What to produce —
Please keep to the lines below from the one with "Fototapeta premium Dramatic" through the one with "Wet floor caution", and restate them word for word, ends included.

Dataset records —
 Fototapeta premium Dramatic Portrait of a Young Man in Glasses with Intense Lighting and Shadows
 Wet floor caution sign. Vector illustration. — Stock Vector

--

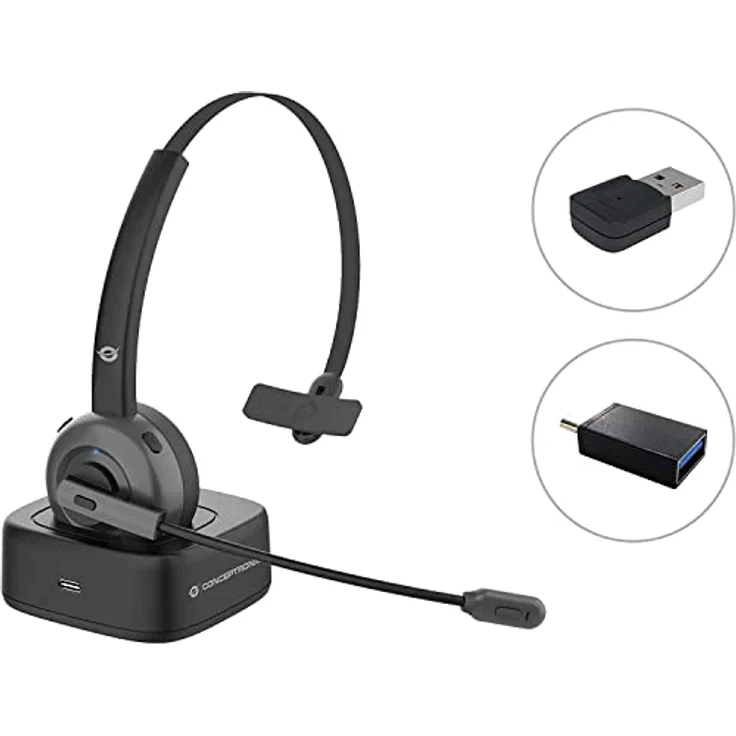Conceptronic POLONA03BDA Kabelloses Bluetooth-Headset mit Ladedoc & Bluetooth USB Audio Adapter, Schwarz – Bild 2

Exercise result —
 Fototapeta premium Dramatic Portrait of a Young Man in Glasses with Intense Lighting and Shadows
 Wet floor caution sign. Vector illustration. — Stock Vector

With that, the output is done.